FDA Approves First Drug for Hutchinson-Gilford Progeria Syndrome

November 20, 2020
Kevin Kunzmann

Lonafarnib was linked to improved mortality over a maximum of 11 years follow-up, according to supporting data.

The US Food and Drug Administration (FDA) has approved lonafarnib (Zokinvy) capsules for the reduced risk of death from Hutchinson-Gilford progeria syndrome, as well as for the treatment of some processing-deficient progeroid laminopathies in patients 1 year and older.

With the indication, the Eiger BioPharmaceuticals therapy becomes the first approved for either disease.

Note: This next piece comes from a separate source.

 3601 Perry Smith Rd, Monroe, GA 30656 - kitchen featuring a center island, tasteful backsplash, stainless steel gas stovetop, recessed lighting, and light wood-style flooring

The rare genetic conditions are associated with premature aging and death in affected patients, resulting in accelerated cardiovascular disease due to defective progerin or progerin-like protein in cells. It’s fairly common for patients to die from a major adverse cardiovascular event—stroke, heart failure, myocardial infarction, or otherwise—by the age of 15.

Prior to this first indication, lone treatment options entailed supportive patient care and complication-associated therapies.

Lonafarnib is a farnesyltransferase inhibitor, administered as an oral therapy, which prevents the buildup of progerin. Its efficacy for the treatment of Hutchinson-Gilford progeria syndrome was observed in 62 patients from a pair of single-arm trials compared to control patients from a separate natural history trial.

Patients with the syndrome treated with lonafarnib reported an increased lifespan of 3 months through the first 3 years of treatment versus control—and an increase of 2.5 years through a maximum follow-up period of 11 years.

Lonafarnib’s approval for the treatment of certain, rare processing-deficient progeroid laminopathies was based on observed similarities in underlying genetic mechanisms of disease and other available data.

Commonly observed adverse events in the supporting-data trial included nausea, vomiting, diarrhea, increased appetite, and fatigue.

The FDA indicated that lonafarnib is contraindicated for co-administration with strong or moderate CYP3A inhibitors and inducers, as well as midazolam and certain cholesterol-lowering therapies.

The therapy’s application previously received Priority Review, Orphan Drug Designation, and Breakthrough Designation.